Litany of woe

Turmoil in the leverage market was leaving few deals unscathed last week, with upward flexes and additional fees reported on a good number of deals. With the hedge funds more or less absent from the market and CLOs generally sitting on their hands, bankers said virtually every deal reliant on fund support was struggling.

As a result, arrangers have little choice but to attempt to restructure existing deals and tailor new deals to meet the more conservative lending appetite of traditional bank lenders.

ING as MLA and bookrunner has completed the €1.18bn debt package supporting Carlyle‘s buyout of Zodiac Marine, a pool care product company.
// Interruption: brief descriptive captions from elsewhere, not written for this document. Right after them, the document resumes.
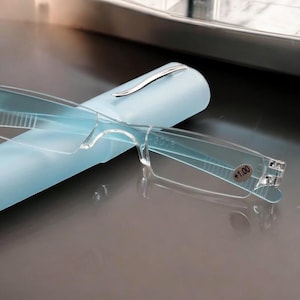 Può includere: Occhiali da lettura trasparenti con etichetta di gradazione +1,00, appoggiati su un astuccio azzurro. Gli occhiali hanno un design minimalista con montatura e aste trasparenti. L'astuccio ha una clip color argento.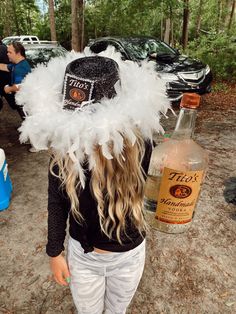 a woman wearing a feather hat next to a bottle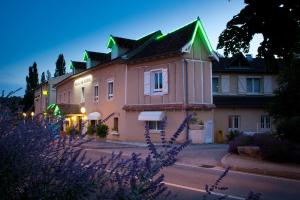 ヴィルフランシュ・ド・ルエルグにあるLe Relais de Farrouの緑の屋根の大ピンクの建物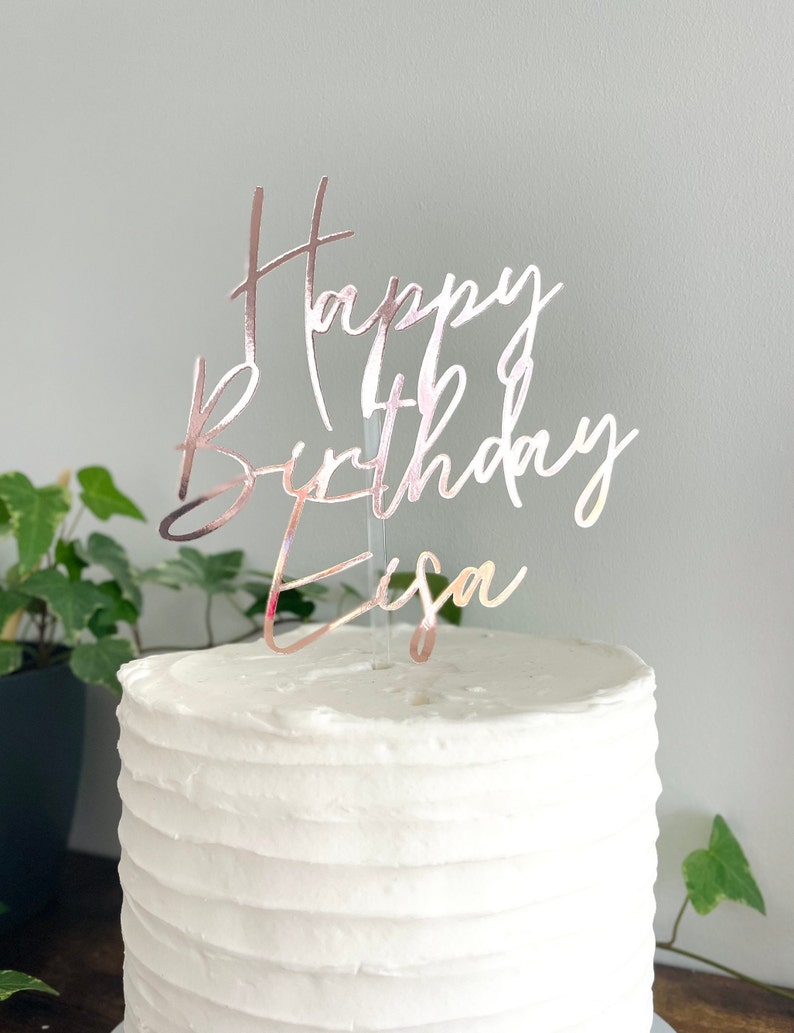 May include: A white cake with rose gold glitter cake topper that says "Happy Birthday Eisa".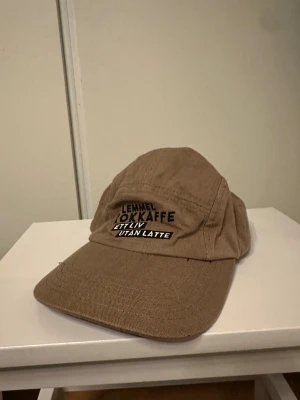 Lemmel keps  - Snygg brun keps från Lemmel med broderad text 'Lemmel Kokkaffe Ett liv utan latte' framtill. Kepsen har böjd skärm, justerbar rem med metallspänne. Perfekt för dig som gillar outdoor och vill sticka ut med en unik look. Nypris: 499kr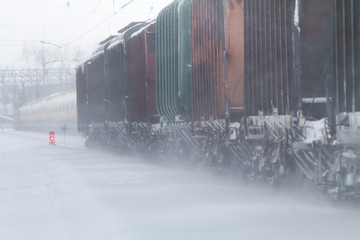 freight train rides on the railway in winter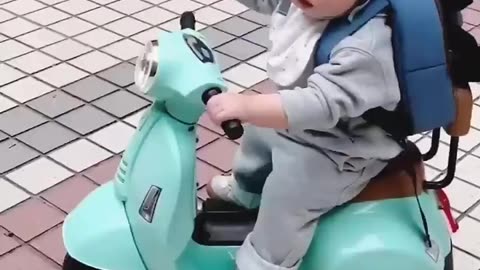 Toddler boy going to school with scooty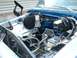 1978 Ford F-250 - The engine bay of a vehicle, showing various mechanical parts and blue painted surfaces.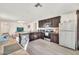 Well-appointed kitchen with stainless steel appliances and views to the living space at 25787 W Allen St, Buckeye, AZ 85326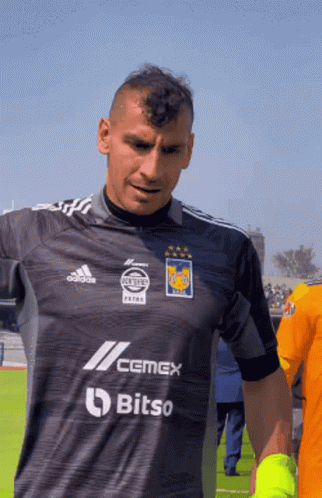 A Man Wearing A Shirt That Says Cemex Bitso On It GIF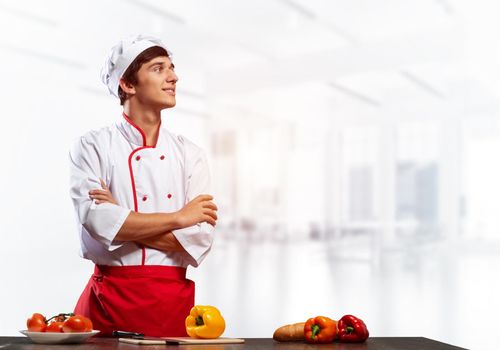 Young male chef standing with folded arms near cooking table with vegetables. Handsome chef in white hat and red apron on light room blurred background. Professional cooking classes advertising.
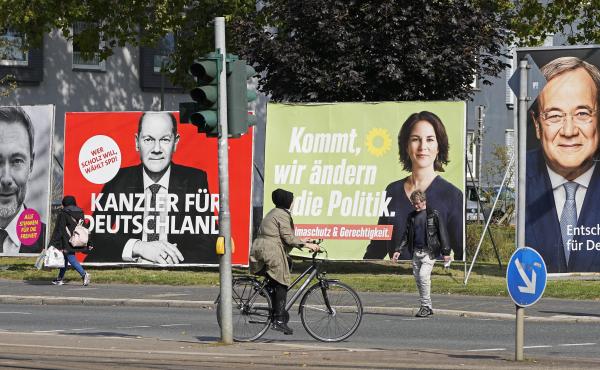 On Thursday, people in Gelsenkirchen, Germany, pass election posters of chancellor candidates Armin Laschet (from right) of the Christian Democratic Union, Annalena Baerbock of the Greens, Olaf Scholz of the Social Democratic Party and Christian Lindner o On Thursday, people in Gelsenkirchen, Germany, pass election posters of chancellor candidates Armin Laschet (from right) of the Christian Democratic Union, Annalena Baerbock of the Greens, Olaf Scholz of the Social Democratic Party and Christian Lindner o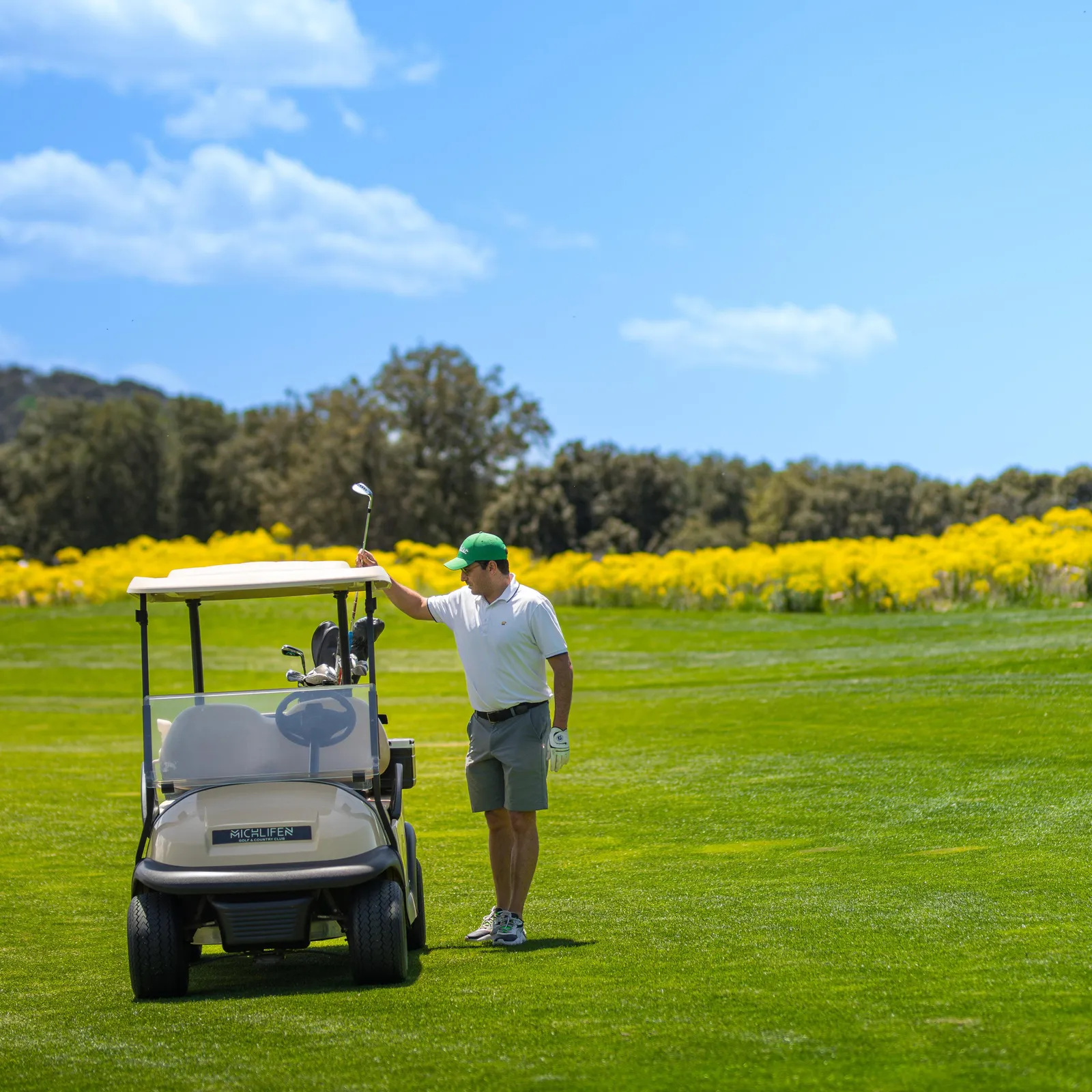 Un golfeur en tenue verte et blanche se tient près d'un chariot de golf sur un terrain de golf avec des fleurs jaunes en arrière-plan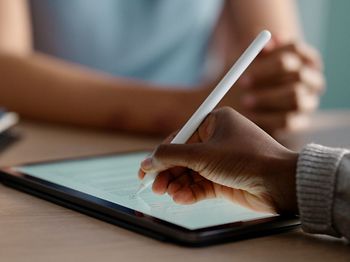 Kollegen schreibt mit Stift auf dem Tablet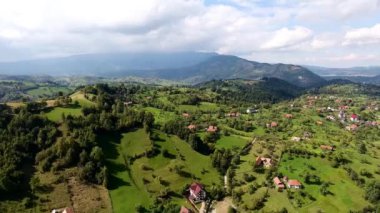 Kuşlar kenti Transilvanya dağlar Romania.Bran, Kont Drakula Kalesi göz. Dağlık eski binalar üzerinde casus uçak uçar. Çevresinde yeşil çayır ve orman. Işık bulutlar dağlar başında kapak.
In keeping with the poor market theme, the deal required an upward flex on the term loan with funds offered an OID of 50bp.

Senior debt is now split between a €680m eight-year term loan B now paying 275bp up from 250bp over Libor, a €120m seven-year revolver at 200bp and a €80m seven-year capex at 200bp. In addition there is a €150m nine-and-a-half-year second lien loan and a €150m mezzanine loan.

Opening leverage is 4.9x debt to Ebitda to senior debt rising to 6x through the second lien and 7.2x in total.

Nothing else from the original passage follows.